Aller au contenu principal
Menu

Thèmes

Rubriques

abonnement

Image tirée du film.Ceux qui aident

En choisissant de consacrer leur documentaire Volunteer à des bénévoles œuvrant auprès des réfugiés en Grèce, les réalisateurs suisses Anna Thommen et Lorenz Nufer viennent raconter le drame de la crise migratoire sous un angle inédit. Bouleversant!

Michaël est capitaine dans l’Armée suisse, Sarah et Thomas éleveurs bovins dans les Alpes, Ileana une retraitée huppée vivant au Tessin et Grosi un comédien bien connu de l’autre côté de la Sarine. Ces cinq citoyens helvétiques qu’a priori tout oppose ont décidé pourtant de mettre leur vie entre parenthèses et de se mobiliser pour venir en aide, entre 2015 et 2016, aux milliers de migrants qui débarquent alors chaque jour sur les côtes grecques. C’est leur quotidien sur l’île de Lesbos, ainsi qu’à Idomeni (frontière avec la Macédoine), mais également en Suisse qu’Anna Thommen et Lorenz Nufer se sont attelés à documenter. Quelles sont leurs motivations? Quelles missions leur sont confiées? Comment ont-ils été transformés par cette expérience? Quelle est leur vision de la politique migratoire menée tant en Suisse qu’en Europe? En abordant toutes ces questions, le documentaire apporte un regard frais sur la situation, loin de la langue de bois politicienne et des récits parfois convenus rebattus par les médias.

Le ton est rapidement donné avec une ouverture sur un plan-séquence haletant durant lequel le spectateur se retrouve dans la peau d’un bénévole se précipitant au secours d’un pneumatique. Et dans la foulée, les premiers regards sur ces hommes, femmes et enfants hébétés et affaiblis par une traversée dont on ne peut qu’imaginer l’horreur. «Responsabilité», c’est le premier mot qui ressort des témoignages des uns et des autres. Cette responsabilité dont les gouvernements européens se sont défaits et que les volontaires des ONG ont dû saisir à bras-le-corps à l’insu de leur plein gré. Car qui dit responsabilité dit également pouvoir et obligation de faire preuve de pragmatisme en mettant de côté par moments ses émotions notamment lorsqu’il est question de distribution de nourriture. Des situations qui minent ces bénévoles et les amènent à développer des méthodes alternatives. En glissant, par exemple, dans l’embrasure des tentes des sacs de victuailles à la nuit tombée afin d’éviter les émeutes et l’humiliation que cela peut représenter. Et c’est bien là tout l’intérêt du documentaire: filmer des tâches quotidiennes a priori banales, mais qui viennent refléter des facettes d’une crise dont nous ne pouvons imaginer tous les tenants. A l’image, par exemple de ces plages grecques sur lesquelles se déroulent à perte de vue des milliers de gilets de sauvetage abandonnés par les migrants une fois sur la terre ferme et que les volontaires se sont donné pour mission de récolter.

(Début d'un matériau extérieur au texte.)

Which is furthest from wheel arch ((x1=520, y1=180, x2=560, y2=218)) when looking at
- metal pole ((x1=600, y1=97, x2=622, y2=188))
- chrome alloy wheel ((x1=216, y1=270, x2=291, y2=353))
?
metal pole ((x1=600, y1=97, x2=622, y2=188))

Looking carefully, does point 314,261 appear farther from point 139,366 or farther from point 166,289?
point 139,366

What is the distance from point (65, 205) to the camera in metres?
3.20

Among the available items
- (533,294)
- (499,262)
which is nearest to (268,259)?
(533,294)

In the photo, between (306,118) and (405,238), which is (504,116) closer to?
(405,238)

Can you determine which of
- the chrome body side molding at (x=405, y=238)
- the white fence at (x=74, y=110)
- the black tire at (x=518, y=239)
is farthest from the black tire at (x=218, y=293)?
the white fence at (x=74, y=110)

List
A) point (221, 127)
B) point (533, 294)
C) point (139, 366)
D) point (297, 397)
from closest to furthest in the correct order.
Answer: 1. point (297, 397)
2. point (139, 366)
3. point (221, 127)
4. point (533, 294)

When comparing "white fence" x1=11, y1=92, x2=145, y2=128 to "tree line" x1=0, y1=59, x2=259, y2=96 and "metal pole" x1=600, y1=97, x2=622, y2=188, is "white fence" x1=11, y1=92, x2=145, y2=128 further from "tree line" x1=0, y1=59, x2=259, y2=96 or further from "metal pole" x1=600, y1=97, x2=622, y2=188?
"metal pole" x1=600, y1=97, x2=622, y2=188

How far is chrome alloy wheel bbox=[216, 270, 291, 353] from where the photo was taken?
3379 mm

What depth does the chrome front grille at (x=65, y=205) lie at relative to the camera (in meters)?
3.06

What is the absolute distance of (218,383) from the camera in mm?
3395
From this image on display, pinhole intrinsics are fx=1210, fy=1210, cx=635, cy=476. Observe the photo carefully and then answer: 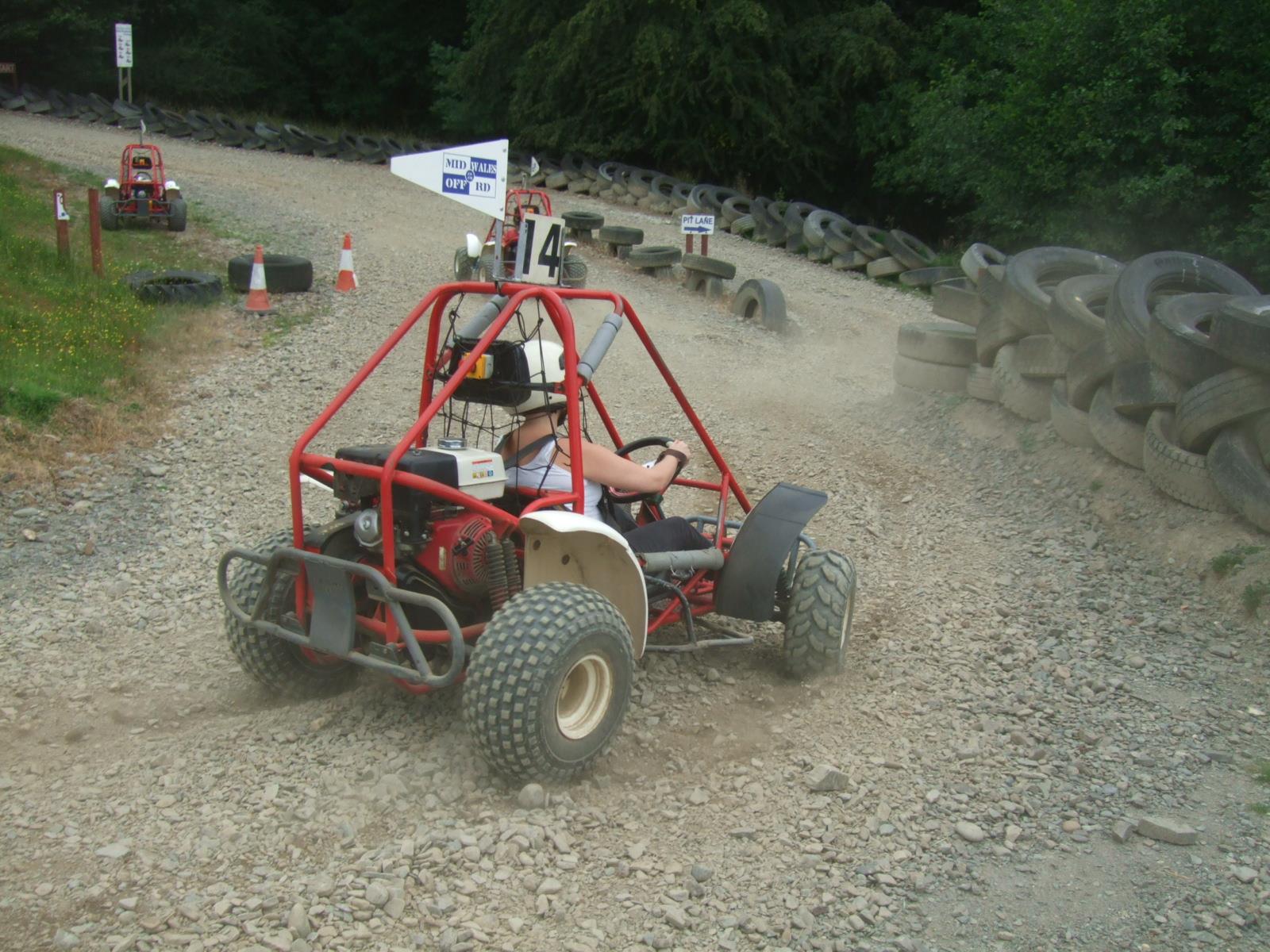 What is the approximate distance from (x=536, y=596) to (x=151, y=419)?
5128 millimetres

Redevenir ce qu’on est vraiment

Volunteer se veut également une puissante diatribe à l’encontre des politiques mises en place par les gouvernements européens, mais également suisse. Animés par une colère salutaire, les bénévoles n’hésitent pas à envisager la désobéissance civile pour contrer le manque d’altruisme et surtout les propres entorses aux réglementations menées par les autorités: «On pourrait résoudre le problème si les politiciens pesaient le pour et le contre de façon plus juste en donnant plus de poids au bien-être des gens plutôt qu’à l’application de la législation en matière d’asile ou des accords de Schengen/Dublin. Ceux-ci menant clairement à des violations des droits de l’homme», dénonce Michaël, le militaire.

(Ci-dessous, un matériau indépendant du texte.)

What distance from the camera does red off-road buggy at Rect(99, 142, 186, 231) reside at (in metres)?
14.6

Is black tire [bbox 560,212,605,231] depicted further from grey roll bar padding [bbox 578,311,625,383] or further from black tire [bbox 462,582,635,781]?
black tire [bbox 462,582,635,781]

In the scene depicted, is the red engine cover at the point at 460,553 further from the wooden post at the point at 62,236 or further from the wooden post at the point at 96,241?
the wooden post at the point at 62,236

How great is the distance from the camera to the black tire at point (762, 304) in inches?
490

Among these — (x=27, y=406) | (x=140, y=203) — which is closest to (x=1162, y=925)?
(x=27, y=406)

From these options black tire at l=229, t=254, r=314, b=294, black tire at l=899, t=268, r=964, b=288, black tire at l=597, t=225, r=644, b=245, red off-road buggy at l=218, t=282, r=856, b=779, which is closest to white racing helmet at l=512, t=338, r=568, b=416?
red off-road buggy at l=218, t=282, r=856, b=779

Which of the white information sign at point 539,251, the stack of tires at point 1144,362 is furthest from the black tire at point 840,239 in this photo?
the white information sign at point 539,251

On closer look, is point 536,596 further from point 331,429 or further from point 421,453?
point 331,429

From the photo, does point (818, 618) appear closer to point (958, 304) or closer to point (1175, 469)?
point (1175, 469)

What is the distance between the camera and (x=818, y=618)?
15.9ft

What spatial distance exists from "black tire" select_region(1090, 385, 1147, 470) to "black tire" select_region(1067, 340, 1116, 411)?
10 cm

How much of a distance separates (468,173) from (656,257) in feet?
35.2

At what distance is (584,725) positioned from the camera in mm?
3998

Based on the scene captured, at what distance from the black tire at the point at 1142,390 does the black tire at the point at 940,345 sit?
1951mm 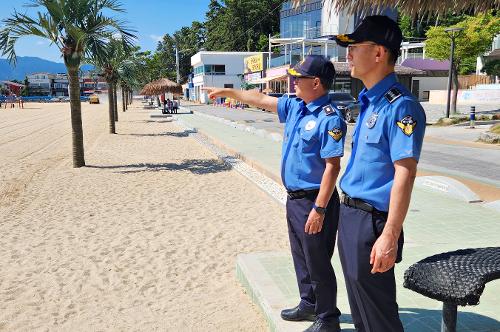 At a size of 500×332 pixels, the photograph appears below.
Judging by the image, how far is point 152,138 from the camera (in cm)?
1756

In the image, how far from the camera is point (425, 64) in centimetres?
4091

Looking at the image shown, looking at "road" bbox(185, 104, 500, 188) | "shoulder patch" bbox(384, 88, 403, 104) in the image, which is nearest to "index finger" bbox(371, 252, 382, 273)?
"shoulder patch" bbox(384, 88, 403, 104)

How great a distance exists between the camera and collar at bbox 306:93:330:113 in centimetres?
275

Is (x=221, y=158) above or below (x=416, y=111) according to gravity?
below

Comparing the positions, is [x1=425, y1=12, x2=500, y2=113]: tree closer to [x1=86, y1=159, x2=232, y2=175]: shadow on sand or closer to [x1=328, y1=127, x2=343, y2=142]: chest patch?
[x1=86, y1=159, x2=232, y2=175]: shadow on sand

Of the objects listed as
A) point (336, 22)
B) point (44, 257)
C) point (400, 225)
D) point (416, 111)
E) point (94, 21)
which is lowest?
point (44, 257)

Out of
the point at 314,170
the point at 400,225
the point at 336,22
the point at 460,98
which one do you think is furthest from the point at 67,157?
the point at 336,22

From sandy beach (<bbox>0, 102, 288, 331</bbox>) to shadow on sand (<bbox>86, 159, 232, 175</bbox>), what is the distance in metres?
0.08

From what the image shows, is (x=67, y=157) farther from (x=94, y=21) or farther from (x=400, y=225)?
(x=400, y=225)

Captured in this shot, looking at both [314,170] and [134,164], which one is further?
[134,164]

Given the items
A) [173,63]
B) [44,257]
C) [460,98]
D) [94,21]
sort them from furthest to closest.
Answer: [173,63]
[460,98]
[94,21]
[44,257]

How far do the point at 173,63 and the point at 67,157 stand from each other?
3243 inches

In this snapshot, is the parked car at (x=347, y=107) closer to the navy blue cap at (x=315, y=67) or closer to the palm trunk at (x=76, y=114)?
the palm trunk at (x=76, y=114)

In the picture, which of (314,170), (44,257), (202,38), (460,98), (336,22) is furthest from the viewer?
(202,38) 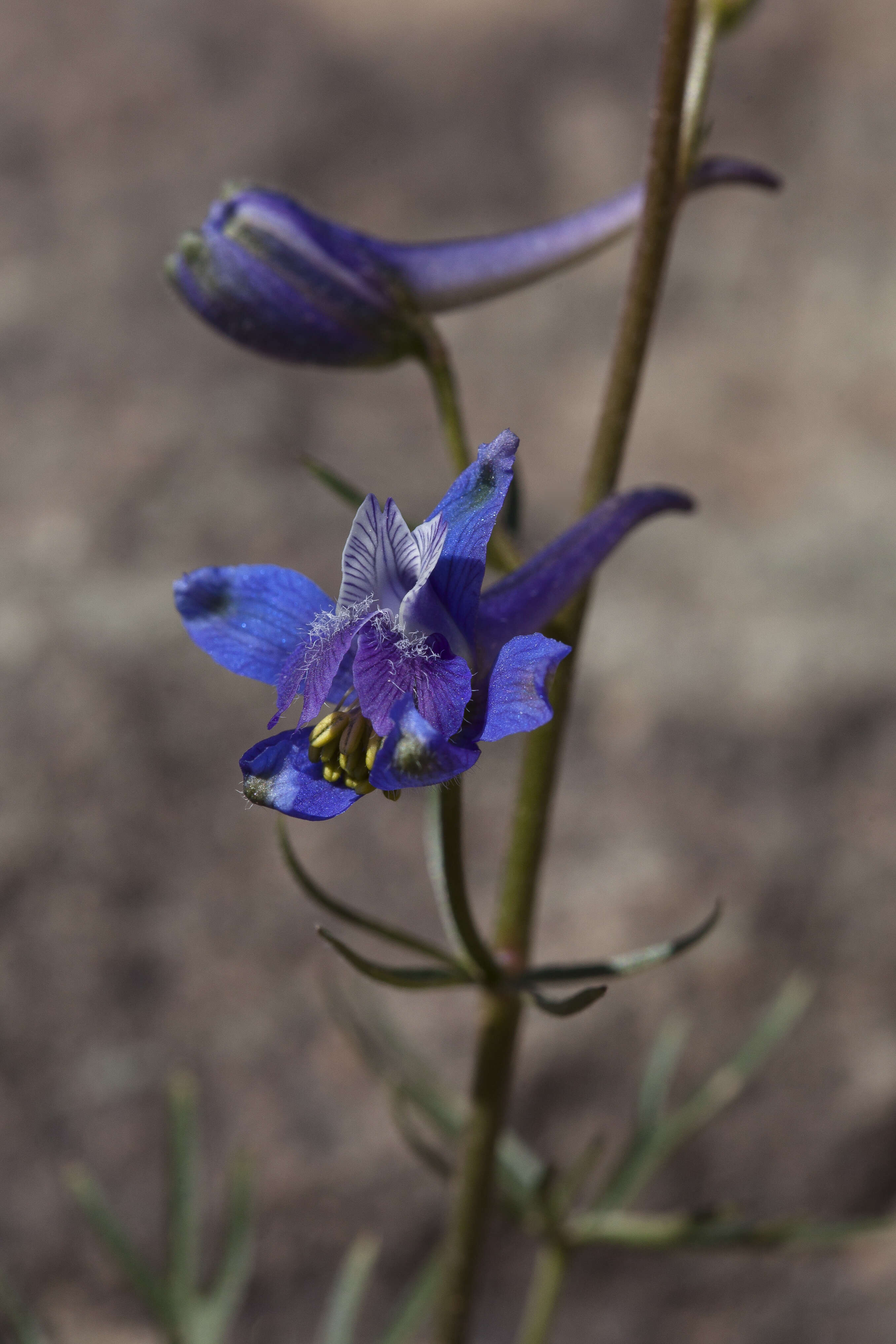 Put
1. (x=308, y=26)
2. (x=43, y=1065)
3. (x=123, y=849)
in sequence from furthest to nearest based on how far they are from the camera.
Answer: (x=308, y=26)
(x=123, y=849)
(x=43, y=1065)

Dans ce contexte, le retour à la réalité est brutal et ces volontaires doivent affronter un vide énorme et un sentiment d’inutilité face à l’actualité qui continue désormais sans eux. Mais l’expérience permet aussi de revenir à des valeurs élémentaires desquelles nos sociétés occidentales nous ont éloignés, ainsi que l’exprime Sarah, l’éleveuse bovine: «Le besoin fondamental de chacun d’entre nous est en fait que le monde aille bien, que tout soit juste. […] On ne peut donc pas dire qu’on a changé, on redevient ce qu’on est vraiment.» En espérant qu’il en sera de même pour le spectateur…

Volunteer, d’Anna Thommen et Lorenz Nufer, sortie en Suisse romande le 9 septembre.

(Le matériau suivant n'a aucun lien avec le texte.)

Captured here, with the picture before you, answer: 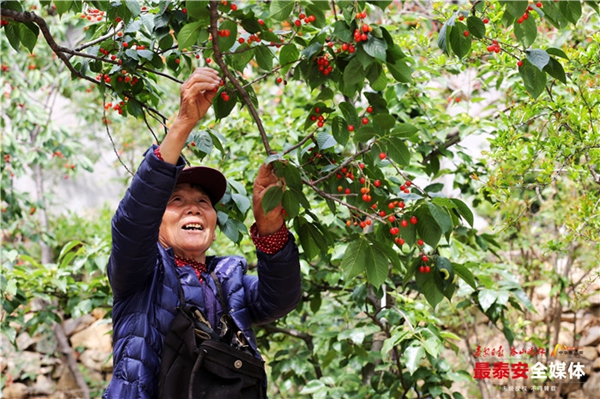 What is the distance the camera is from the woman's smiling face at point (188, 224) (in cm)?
164

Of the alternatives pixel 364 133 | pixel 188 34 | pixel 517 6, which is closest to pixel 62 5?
pixel 188 34

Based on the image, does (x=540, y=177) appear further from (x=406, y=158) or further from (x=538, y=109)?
(x=406, y=158)

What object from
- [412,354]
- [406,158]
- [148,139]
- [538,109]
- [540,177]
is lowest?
[412,354]

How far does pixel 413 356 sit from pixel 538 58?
1144 millimetres

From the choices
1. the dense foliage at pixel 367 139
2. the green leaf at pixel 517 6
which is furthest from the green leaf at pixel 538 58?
the green leaf at pixel 517 6

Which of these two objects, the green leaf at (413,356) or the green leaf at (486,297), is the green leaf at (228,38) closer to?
the green leaf at (413,356)

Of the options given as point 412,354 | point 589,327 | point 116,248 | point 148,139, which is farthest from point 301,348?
point 148,139

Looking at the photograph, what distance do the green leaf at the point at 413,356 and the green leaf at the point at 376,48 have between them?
4.05 ft

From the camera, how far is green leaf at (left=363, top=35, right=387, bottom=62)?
1.23m

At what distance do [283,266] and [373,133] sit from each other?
16.5 inches

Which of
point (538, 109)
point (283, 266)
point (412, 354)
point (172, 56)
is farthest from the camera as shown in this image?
point (412, 354)

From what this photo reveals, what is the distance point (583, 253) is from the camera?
4.04 metres

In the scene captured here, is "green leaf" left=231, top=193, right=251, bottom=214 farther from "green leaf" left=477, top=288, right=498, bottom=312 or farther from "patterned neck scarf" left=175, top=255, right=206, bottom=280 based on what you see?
"green leaf" left=477, top=288, right=498, bottom=312

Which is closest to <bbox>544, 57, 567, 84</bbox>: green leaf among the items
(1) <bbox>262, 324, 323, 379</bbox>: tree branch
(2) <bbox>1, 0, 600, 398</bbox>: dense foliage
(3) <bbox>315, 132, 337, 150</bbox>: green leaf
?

Avant-premières en présence des réalisateurs:

Bienne, cinéma Rex, vendredi 4 septembre à 18h.

Lausanne, Le Zinéma, lundi 7 septembre à 20h30.

Carouge, cinéma Bio, mardi 8 septembre à 19h.

La Chaux-de-Fonds, cinéma ABC, mercredi 9 septembre à 20h.

Neuchâtel, cinéma Apollo, jeudi 10 septembre à 18h.

Sainte-Croix, cinéma Royal, samedi 12 septembre à 18h.

Bex, cinéma Grain d’Sel, mardi 29 septembre à 20h.

Autres projections spéciales:

Oron-la-Ville, cinéma d’Oron, vendredi 11 septembre à 20h.

Delémont, La Grange, dimanche 13 septembre à 17h.

Vevey, cinéma Rex, jeudi 17 septembre à 18h30.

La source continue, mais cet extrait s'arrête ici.